● Exercise prompt
Looking at the listing below, retype exactly the lines starting at the one containing "istock Gorgeous long" and ending at the one containing "电子行业资金流出榜：三安光电等7股净流出资金超亿元", both included, and nothing else.

● Records provided

▶

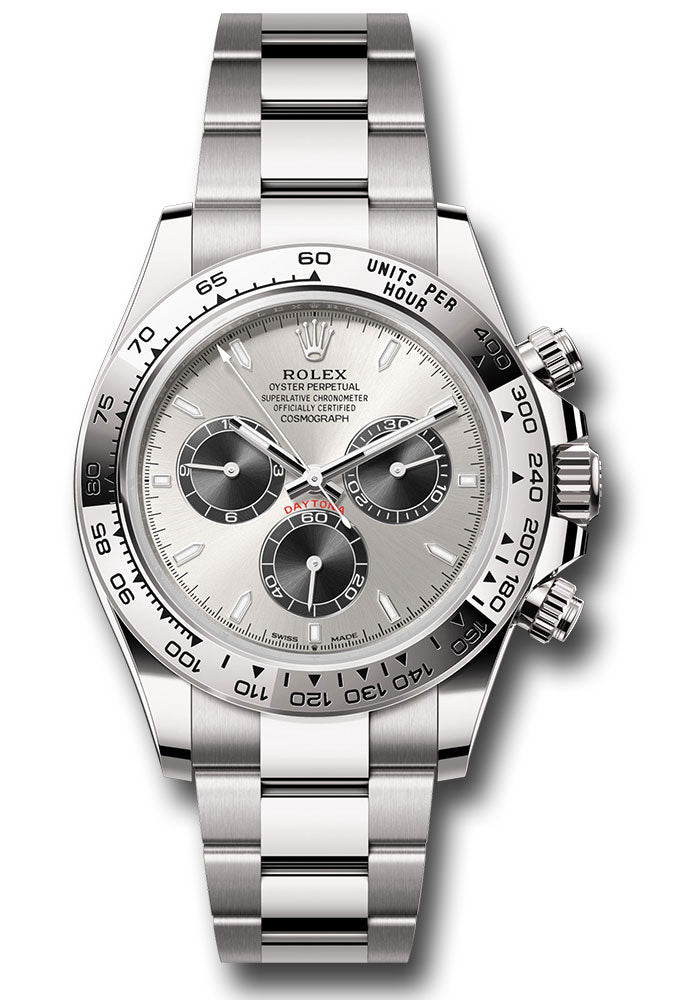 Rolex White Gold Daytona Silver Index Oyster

◀
▶

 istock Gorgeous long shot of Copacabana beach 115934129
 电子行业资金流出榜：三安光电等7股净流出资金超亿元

◀
▶

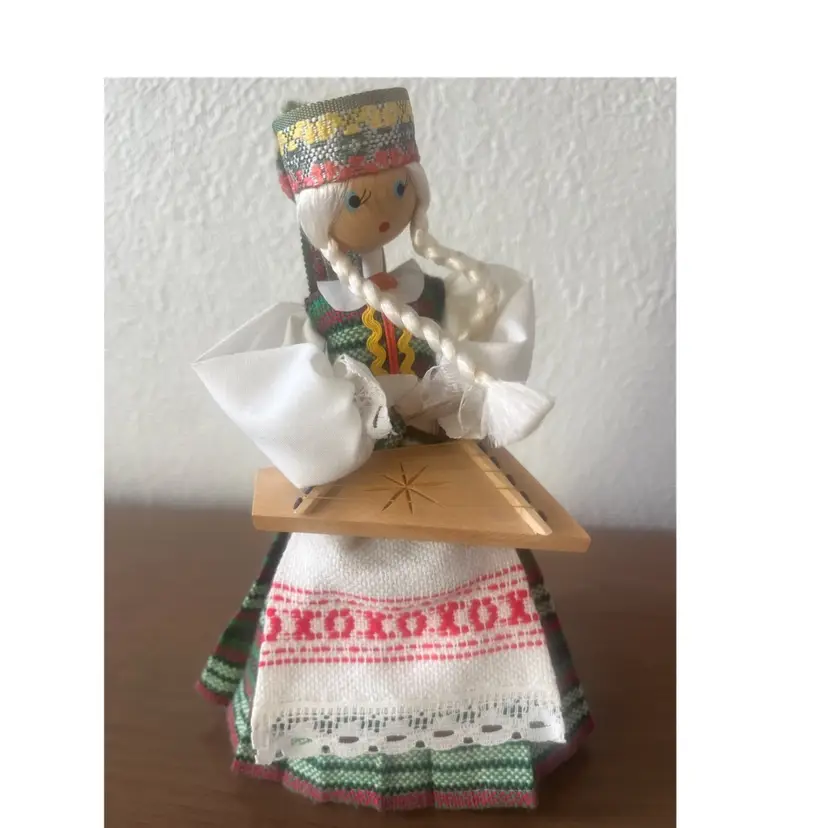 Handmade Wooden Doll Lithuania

◀

● Written answer
 istock Gorgeous long shot of Copacabana beach 115934129
 电子行业资金流出榜：三安光电等7股净流出资金超亿元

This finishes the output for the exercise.